Stored data entries:
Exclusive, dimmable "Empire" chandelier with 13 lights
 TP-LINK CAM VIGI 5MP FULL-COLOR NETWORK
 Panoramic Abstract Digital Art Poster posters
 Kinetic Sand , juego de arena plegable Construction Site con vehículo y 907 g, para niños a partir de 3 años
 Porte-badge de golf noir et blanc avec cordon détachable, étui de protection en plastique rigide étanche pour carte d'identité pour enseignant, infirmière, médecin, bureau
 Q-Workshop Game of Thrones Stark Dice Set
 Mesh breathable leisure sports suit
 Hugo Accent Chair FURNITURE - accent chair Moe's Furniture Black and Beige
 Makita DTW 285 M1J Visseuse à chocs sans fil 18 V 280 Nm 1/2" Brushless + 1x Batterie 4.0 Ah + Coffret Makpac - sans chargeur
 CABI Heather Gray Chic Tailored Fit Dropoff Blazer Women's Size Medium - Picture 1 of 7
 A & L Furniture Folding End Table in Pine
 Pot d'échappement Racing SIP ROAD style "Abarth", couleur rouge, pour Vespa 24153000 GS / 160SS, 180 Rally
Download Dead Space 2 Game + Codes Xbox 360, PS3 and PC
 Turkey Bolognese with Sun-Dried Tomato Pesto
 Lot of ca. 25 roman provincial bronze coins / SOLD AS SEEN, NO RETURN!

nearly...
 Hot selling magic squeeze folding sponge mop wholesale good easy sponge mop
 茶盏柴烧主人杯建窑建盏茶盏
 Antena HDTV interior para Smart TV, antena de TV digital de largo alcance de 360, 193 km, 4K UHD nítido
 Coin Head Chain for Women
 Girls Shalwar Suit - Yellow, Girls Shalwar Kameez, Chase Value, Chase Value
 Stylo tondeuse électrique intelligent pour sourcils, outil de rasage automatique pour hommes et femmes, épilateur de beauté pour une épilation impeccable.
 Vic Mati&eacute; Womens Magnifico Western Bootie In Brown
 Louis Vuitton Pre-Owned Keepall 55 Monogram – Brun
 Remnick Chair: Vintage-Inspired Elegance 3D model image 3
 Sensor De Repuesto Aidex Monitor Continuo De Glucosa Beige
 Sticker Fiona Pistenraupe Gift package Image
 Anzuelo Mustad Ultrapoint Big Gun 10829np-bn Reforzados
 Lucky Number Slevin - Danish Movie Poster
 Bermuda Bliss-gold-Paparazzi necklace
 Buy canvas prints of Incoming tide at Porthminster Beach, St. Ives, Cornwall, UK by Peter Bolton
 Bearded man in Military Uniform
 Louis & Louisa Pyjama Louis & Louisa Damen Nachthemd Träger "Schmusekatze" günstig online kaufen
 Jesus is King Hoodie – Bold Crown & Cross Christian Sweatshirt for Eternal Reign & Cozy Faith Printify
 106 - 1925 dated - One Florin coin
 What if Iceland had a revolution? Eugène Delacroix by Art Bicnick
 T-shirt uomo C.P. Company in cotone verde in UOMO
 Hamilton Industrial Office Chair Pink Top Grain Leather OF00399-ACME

Exercise: Up to and including the line with "Coin Head Chain for Women", repeat the data exactly, starting from its first line; nothing else belongs in the response.

Your solution:
Exclusive, dimmable "Empire" chandelier with 13 lights
 TP-LINK CAM VIGI 5MP FULL-COLOR NETWORK
 Panoramic Abstract Digital Art Poster posters
 Kinetic Sand , juego de arena plegable Construction Site con vehículo y 907 g, para niños a partir de 3 años
 Porte-badge de golf noir et blanc avec cordon détachable, étui de protection en plastique rigide étanche pour carte d'identité pour enseignant, infirmière, médecin, bureau
 Q-Workshop Game of Thrones Stark Dice Set
 Mesh breathable leisure sports suit
 Hugo Accent Chair FURNITURE - accent chair Moe's Furniture Black and Beige
 Makita DTW 285 M1J Visseuse à chocs sans fil 18 V 280 Nm 1/2" Brushless + 1x Batterie 4.0 Ah + Coffret Makpac - sans chargeur
 CABI Heather Gray Chic Tailored Fit Dropoff Blazer Women's Size Medium - Picture 1 of 7
 A & L Furniture Folding End Table in Pine
 Pot d'échappement Racing SIP ROAD style "Abarth", couleur rouge, pour Vespa 24153000 GS / 160SS, 180 Rally
Download Dead Space 2 Game + Codes Xbox 360, PS3 and PC
 Turkey Bolognese with Sun-Dried Tomato Pesto
 Lot of ca. 25 roman provincial bronze coins / SOLD AS SEEN, NO RETURN!

nearly...
 Hot selling magic squeeze folding sponge mop wholesale good easy sponge mop
 茶盏柴烧主人杯建窑建盏茶盏
 Antena HDTV interior para Smart TV, antena de TV digital de largo alcance de 360, 193 km, 4K UHD nítido
 Coin Head Chain for Women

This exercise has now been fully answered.